Selon ce travail, le Sénégal est passé du statut de mariage précoce au statut de mariage tardif. Les jeunes sénégalais sont les derniers à se marier en Afrique de l'Ouest. L'étude révèle aussi la précocité des divorces à Dakar. De nos jours, les divorces interviennent très tôt, dans les 5 premières années », soutient la chargée de cours à l'Université Gaston Berger de Saint-Louis, Fatou Binetou Dial. Le taux de divorce est de 4%.

Selon elle, les femmes pauvres divorcées sont les premières à se remarier. Tandis que chez les femmes de la classe aisée, le remariage est le cadet des soucis. La réussite scolaire de leurs enfants est leur préoccupation première. « Les femmes aisées ont des moyens qui leur permettent de vivre. Elles se fixent d'autres priorités après le divorce, c'est le cas de la réussite scolaire de leurs enfants », renseigne la sociologue. La fréquence des remariages chez les femmes « pauvres » s'expliquent, entre autres, par leur souci de vivre en toute liberté leur vie sexuelle, de se valoriser sur le plan social, et de se trouver dans un cadre plus sécurisant. « Le remariage, chez elles, est le moyen de continuer leur vie sexuelle après le divorce. Cela est l'une des causes du remariage », explique Fatou Binetou Dial.
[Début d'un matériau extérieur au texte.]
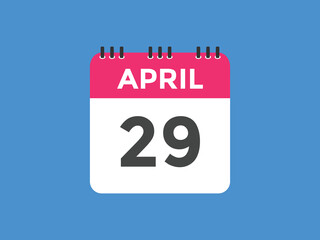 April 29 Calendar icon Design. Calendar Date 29th April. Calendar template 
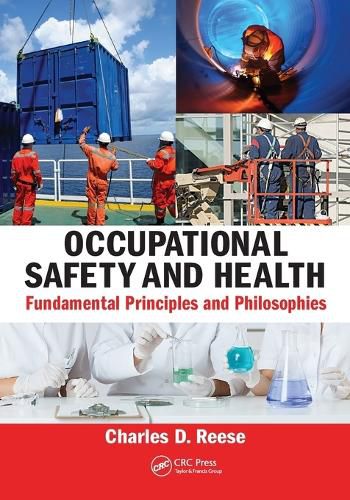 Occupational Safety and Health: Fundamental Principles and Philosophies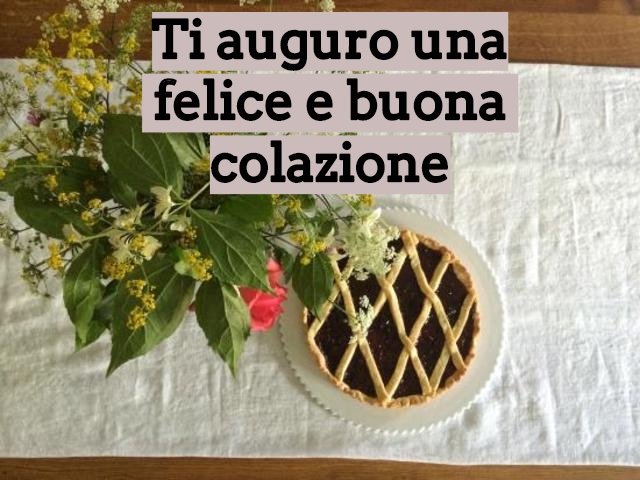 Ti auguro una felice e buona colazione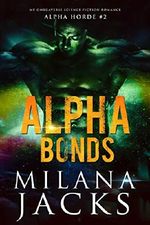 Alpha Bonds (Alpha Horde Book 2) (English Edition) Cover des Buches Alpha Bonds (Alpha Horde Book 2) (English Edition) (ISBN: B07JNGLLJM)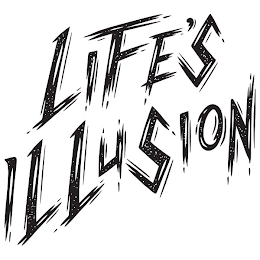 LIFE'S ILLUSION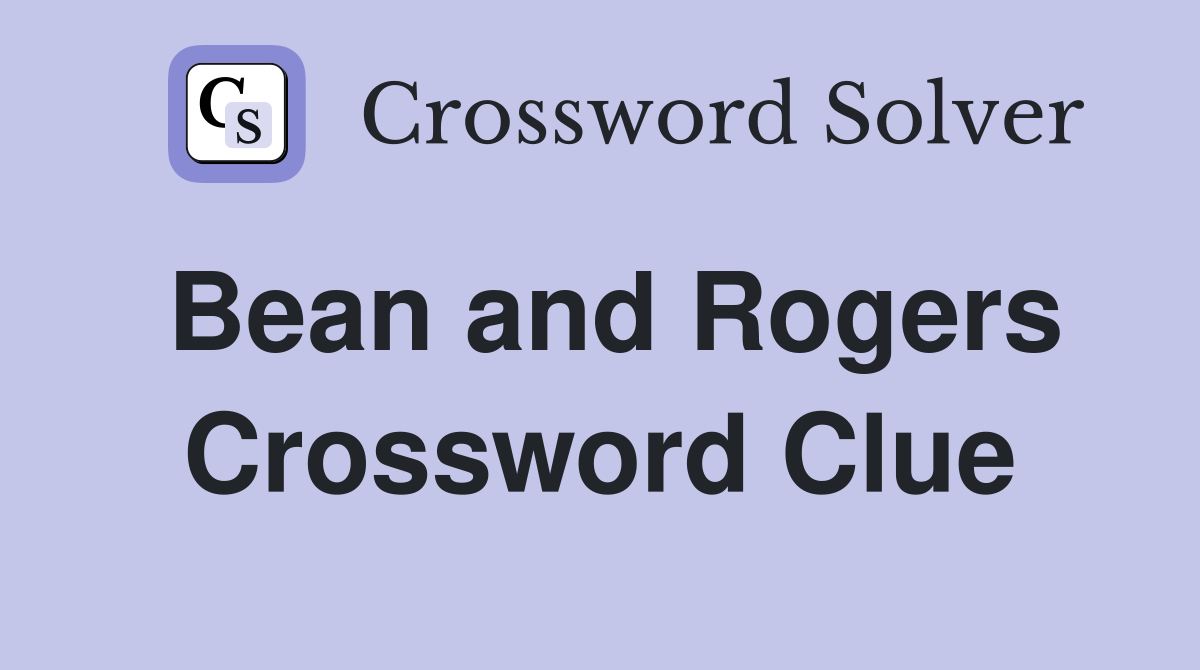 Bean and Rogers Crossword Clue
L'étude fait aussi la radioscopie des causes de la fréquence des désunions à Dakar. Le défaut d'entretien matériel est la première source de séparation des conjoints. Ce constat est révélateur du pouvoir économique au sein d'un couple. « Le défaut d'entretien matériel est la première cause de divorce. Les femmes parlent souvent de cela », indique la conférencière. Les problèmes avec la belle famille, l'absence de cohabitation en couple, l'arrivée d'une nouvelle épouse, l'incompatibilité d'humeur, le maraboutage et les problèmes de castes sont les facteurs responsables de la séparation des conjoints. A cela, il faudrait ajouter l'impuissance sexuelle des hommes même si l'enquête ne l'a pas révélée. L'impuissance sexuelle peut-être une des causes de divorce. Mais, ce n'est pas facile de faire parler les femmes sur cette question. C'est un fait que les gens relatent de plus en plus dans la séparation d'un couple », reconnaît la sociologue. L'étude révèle également des contradictions : les femmes divorcées ne considèrent pas le divorce comme l'expression de l'émancipation. La séparation n'est pas vécue comme une liberté. De plus, fait remarquer la sociologue, les hommes aiment de plus en plus des femmes modèles et modernes et veulent que ces dernières soient soumises.

Le mariage est un acte individuel. Toutefois, il ne se conçoit pas en dehors des familles de l'époux ou de l'épouse au Sénégal, et surtout chez les musulmans.  L'immixtion des parents dans la vie de couple n'est pas sans conséquence sur les relations entre les deux conjoints. Les parents, avance la sociologue, sont mis en cause dans l'éclatement des couples. « Ce qui est clair, on ne peut pas concevoir le mariage en dehors des deux familles.